— DATASET —
**********

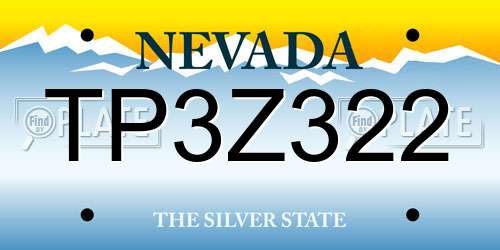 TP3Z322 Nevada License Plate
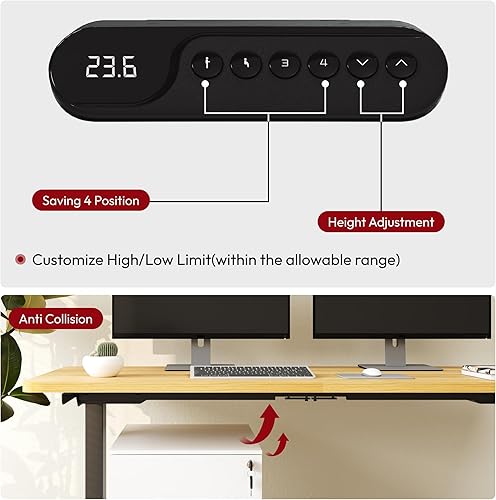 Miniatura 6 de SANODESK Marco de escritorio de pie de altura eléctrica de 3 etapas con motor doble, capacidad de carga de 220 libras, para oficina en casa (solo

**********

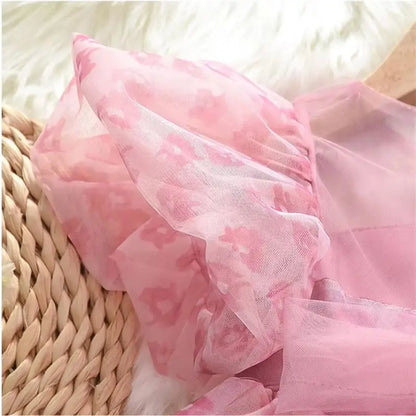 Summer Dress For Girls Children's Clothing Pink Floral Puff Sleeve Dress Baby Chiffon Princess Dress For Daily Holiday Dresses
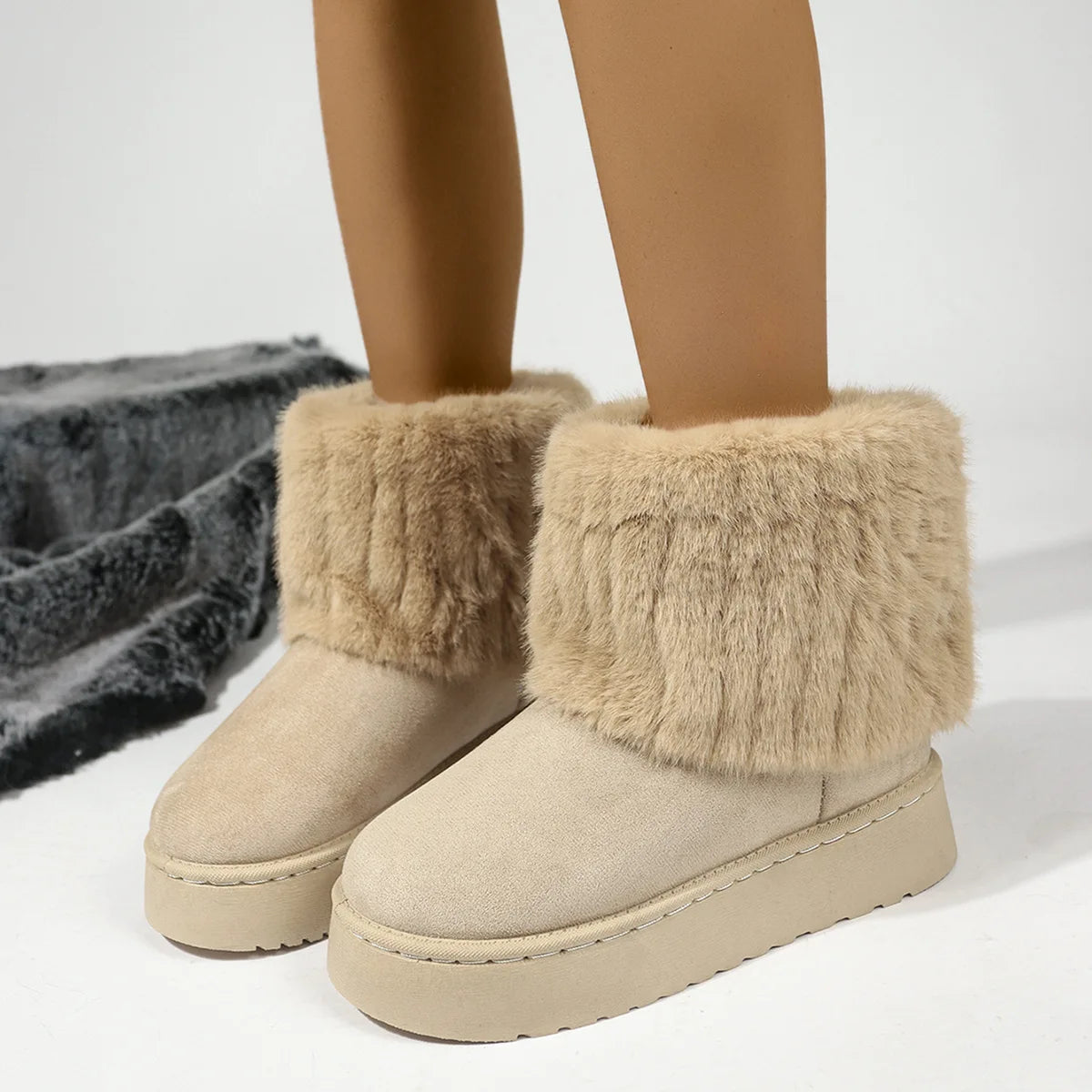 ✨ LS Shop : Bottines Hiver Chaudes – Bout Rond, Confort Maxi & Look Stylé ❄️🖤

**********

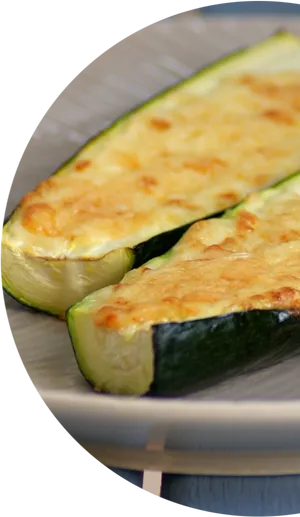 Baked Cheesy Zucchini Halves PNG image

**********

— ASSIGNED TASK —
Transcribe, word for word, the stretch of lines in the data above from the one with "TP3Z322 Nevada License Plate" through the one with "Miniatura 6 de"; omit all pictures.

— EXERCISE RESPONSE —
 TP3Z322 Nevada License Plate
 Miniatura 6 de SANODESK Marco de escritorio de pie de altura eléctrica de 3 etapas con motor doble, capacidad de carga de 220 libras, para oficina en casa (solo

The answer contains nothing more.